The Persistence of Art

How Art Shapes Our Life

Sal MaccaroneJune 7, 2012 

I would like to dedicate this article to my fellow artisans -- of all persuasions -- who are experiencing turmoil due to unfriendly economic times. I have been through more than one "down-turn" during my 40 year career, and while this one is particularly hard on the arts, here are some thoughts that can help us to keep focused.

It is very difficult to explain how the artistic mentality works. Words like determined, unwavering, steadfast, resolute and especially persistence are what first come to mind. Persistence, as it applies to the personality of an artisan, means: a firm, almost obstinate course regardless of difficulty, economics, opposition, or discouragement. That is hard to do sometimes. But remember, true unwavering and persistent artists do their work not for money, but because they must. Even when the economic mentality is not especially attuned to art. Yes, artisans, like everyone, need money to survive, but to the true artisan money is usually only seen as a tool.

Now, if we use the word persistence as it applies to actual artworks, the definition would go something like this: "a continuance of an effect after the cause, (the artist), is removed."

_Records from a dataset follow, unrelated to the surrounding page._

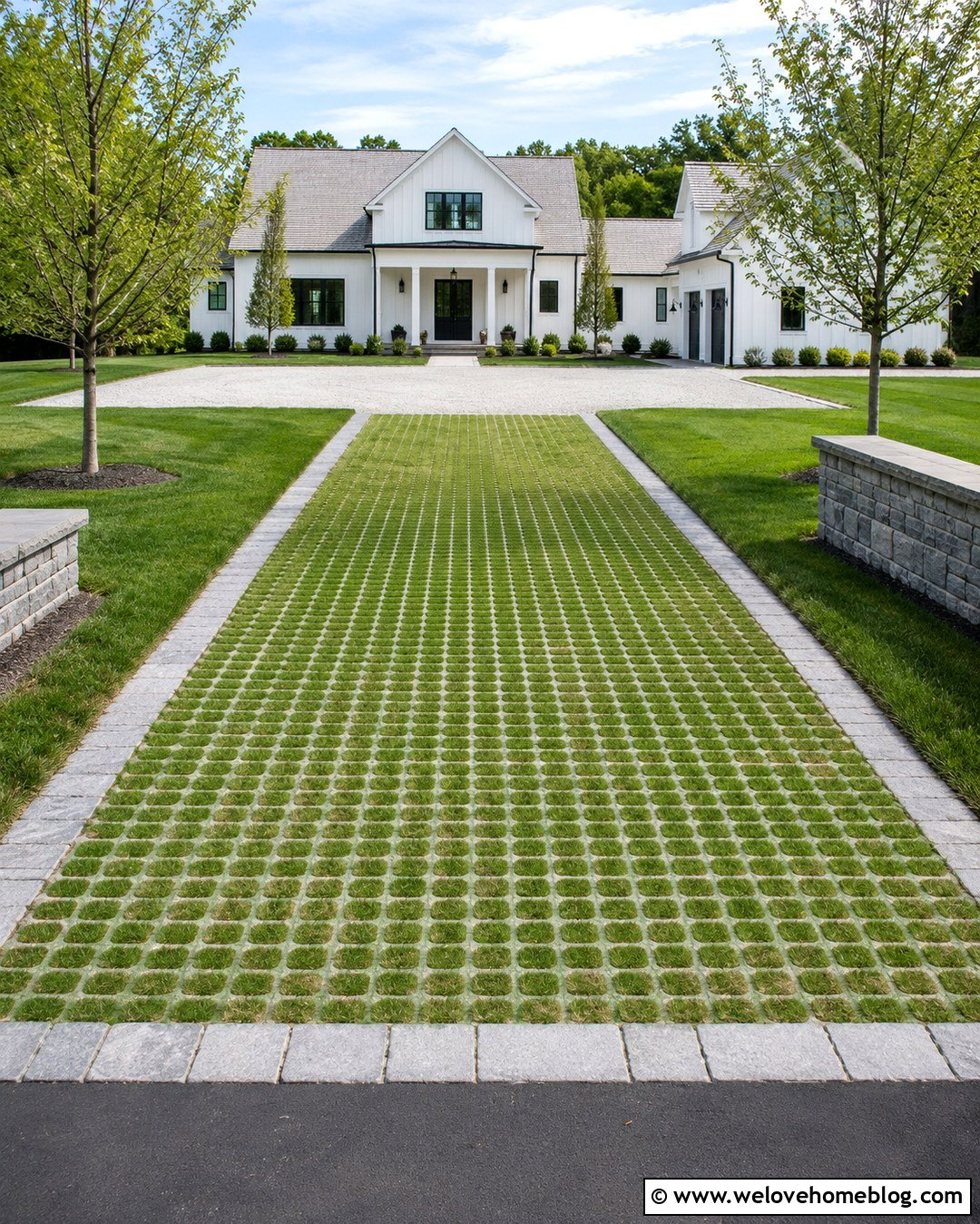 Grass Grid And Crushed Stone Driveway - 20 grass and stone driveway ideas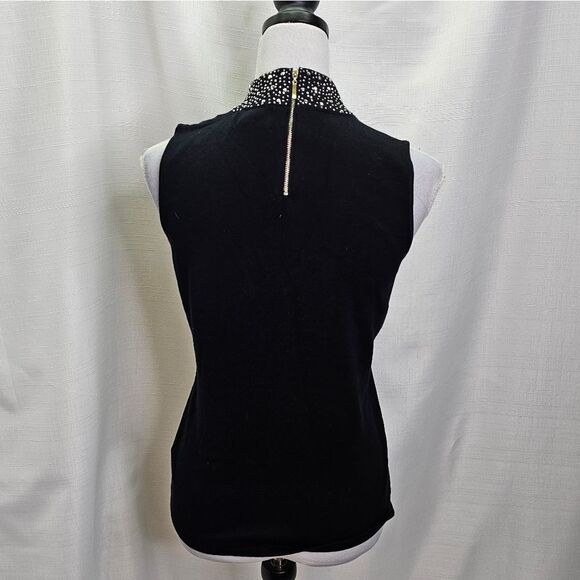 Premise Black Beaded Mock Neck Sleeveless Top Size Small - Picture 6 of 10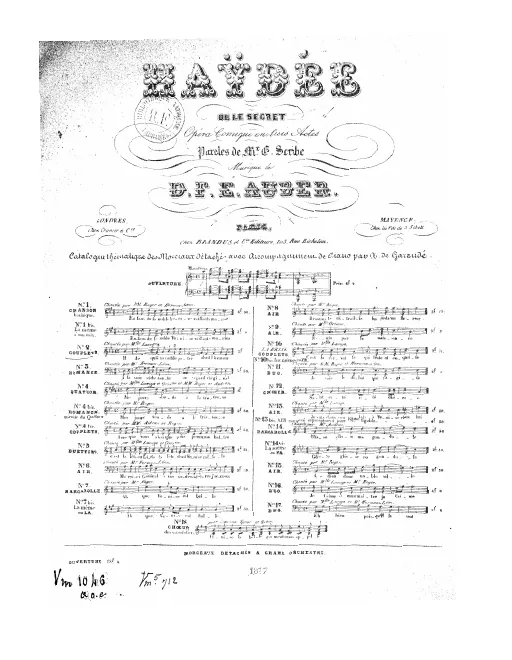 No.2, Couplets: "Il dit qu'à sa noble patrie" (Act I, No.2)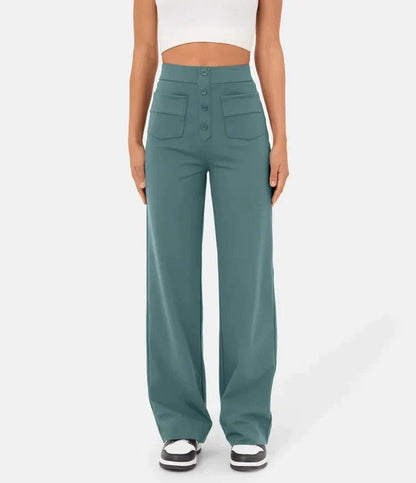 High waisted casual trousers with buttons for women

History has shown us over and over how an effect can linger long after its cause is gone. For example, Vincent Van Gogh (1853-1890), who was one of the fathers of the Modern Art Movement, could not help but to paint. He only sold a few paintings during his lifetime, and those were mostly to his brother. But, he persisted because painting was his release, somehow taking art to a whole new level in the process. Sadly, he was overcome mentally by the economics of his time, died young as a result and never realized the importance of his work. Presently, three of the 10 most valuable paintings in the world were done by Vincent Van Gogh. Those three paintings alone have a combined value of $400 million in today's money.

Then, I think about those artists throughout history who have been forbidden to work by some authority for one reason or another, (i.e. Nazi Germany, Communist China). Imagine, unable to do creative work at all? Although, suppression of the arts altogether usually causes revolution, which ironically begins within the arts. In other words, artisans have always found a way to communicate through their work and change history in spite of being told not to.

On a much happier note, even a great artist like Walt Disney (1901-1966) had to persist every step of the way. He never cared about the time or money that it would take to accomplish whatever he was working on. He believed in himself, his work and his own ideas while remaining happy in the process. Always "out-on-a-limb" with the costs of his projects, he oftentimes lost money in the process.

Even after he was the most recognized movie producer in the world he still had hurdles to jump. But, just think about the accomplishments and the many benefits to the world. The first cartoon with sound (1928); the first cartoon in color (1932); the first full-length animated feature (1937); the first movie studio to embrace television (1954); and, lets not forget his persistence regarding an idea he had for a theme park.

The point is, it is not the artist that is so important, it is the contributions made by the artist. In other words, what we leave behind. The economy and current mindset of the masses will change, it always does, so those things should not be allowed to put a damper on thinking, or doing ones craft. Just remember, some of the best ideas have been born during, or because of hard times.